Luiz Carlos Azedo in Correio Braziliense - 08/04/2010

Belo Monte corre o risco de perder mais um ano


Uma das principais preocupações de um possível adiamento do leilão da Hidrelétrica de Belo Monte é o regime de chuvas da Região Norte. Se perder a janela hidrológica, o governo perde um ano inteiro de trabalho, como ocorreu no ano passado. A ideia inicial era fazer o leilão em dezembro de 2009 para que as vencedoras tivessem tempo de conseguir a licença de instalação durante o período chuvoso, que começa em janeiro. Mas a dificuldade para conseguir a licença prévia atrapalhou os planos e atrasou o cronograma de construção da usina.

O risco de perder mais um ano voltou a rondar Belo Monte ontem, com a decisão do consórcio Odebrecht/Camargo Corrêa de desistir do leilão, marcado para o dia 20, e com a notícia de que o Ministério Público do Pará vai pedir a anulação da licença concedida pelo Instituto Brasileiro de Meio Ambiente (Ibama). No setor, já se comenta que o leilão deverá ser adiado.

O prejuízo disso tudo é que, se o cronograma sofrer alguma alteração, o governo terá de se virar para suprir a quantidade de energia que a hidrelétrica injetaria no sistema nacional a partir de 2015. As experiências anteriores não trazem boas lembranças. Em 2007 e 2008, quando havia uma escassez de projetos hidrelétricos para serem leiloados, o governo foi obrigado a contratar energia de usinas térmicas a óleo diesel e óleo combustível, caras e extremamente poluentes, para atender à demanda do mercado.
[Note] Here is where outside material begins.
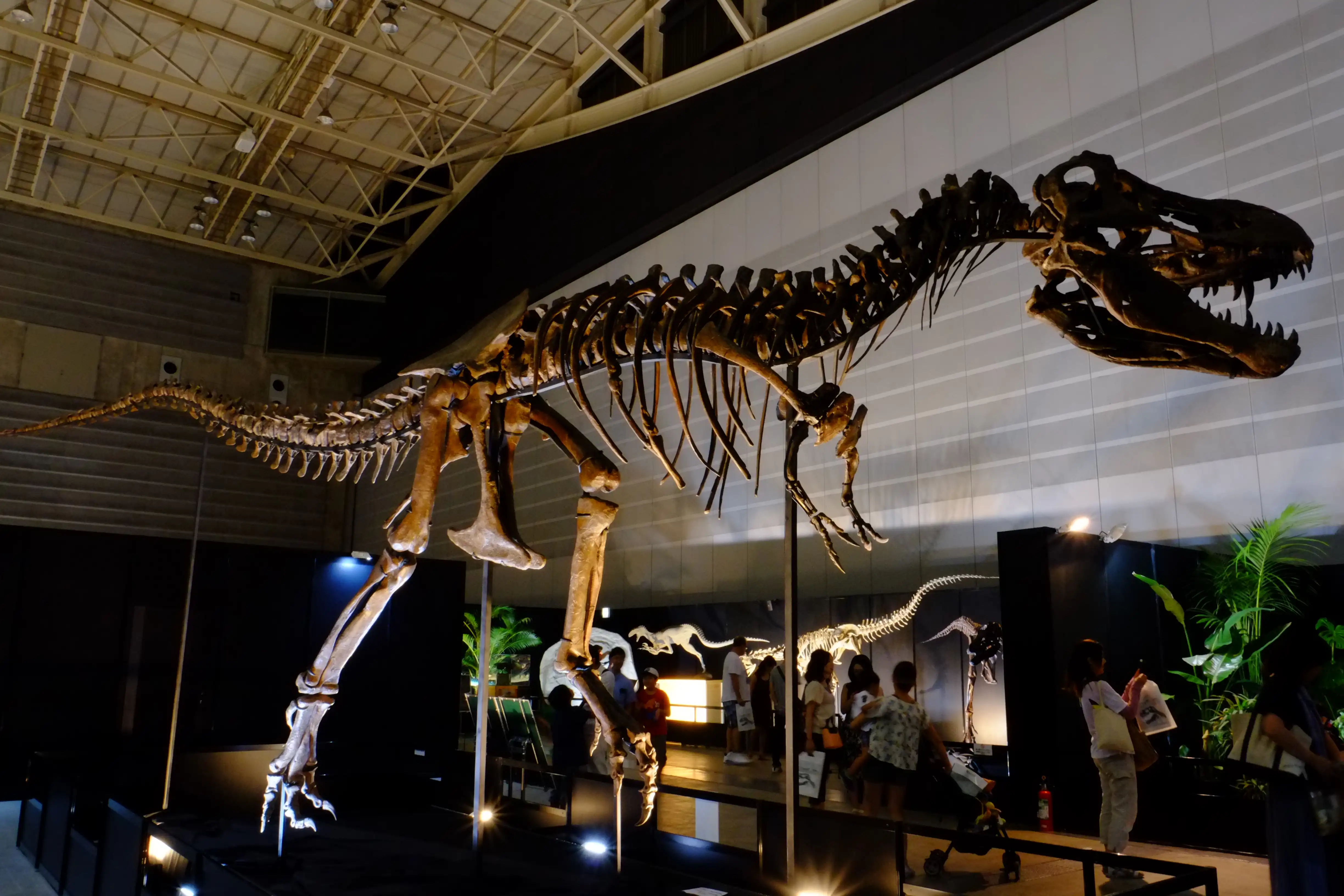 Tinker the T. rex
Isso representou uma mudança na matriz energética brasileira, conhecida por ser predominantemente de energia renovável. No período, foram contratados cerca de 10 mil megawatts (MW). A intenção do governo é usar o leilão de Belo Monte, que terá capacidade de 11.233 MW, para reverter o processo. Mas, se houver atraso nas obras e dificuldade para licenciar outras 13 hidrelétricas previstas para ir a leilão este ano, não há garantias de que as térmicas não sejam requisitadas de novo.

Outra grande preocupação é o avanço do consumo de eletricidade no País. A demanda dos serviços de energia elétrica já superou os níveis do pré-crise. Segundo dados da Empresa de Pesquisa Energética (EPE), em fevereiro o consumo de energia avançou 10,7% em relação a igual mês do ano passado. No ano, o crescimento somou 9,9% e, em 12 meses, 1,1%. O resultado foi influenciado especialmente pela retomada do consumo industrial e residencial.

Portanto, embora a situação hoje esteja razoavelmente tranquila, não se pode descuidar do setor de energia. Até porque a maioria da matriz elétrica é hídrica e depende do regime de chuvas, que neste ano está bastante generoso com o sistema nacional. Mas qualquer período seco pode complicar a situação.

A expectativa do setor é que o governo federal use todo o know how conseguido no turbulento processo de licitação das hidrelétricas do Rio Madeira para superar os entraves de Belo Monte. E, na opinião de especialistas, vai usar todo o seu poder para tirar a usina do papel. Na opinião deles, porém, o governo também precisa lembrar de outras experiências e entender que o leilão de uma usina como essa não garante que a obra cumprirá os cronogramas previstos. Até porque as pressões ambientais continuarão.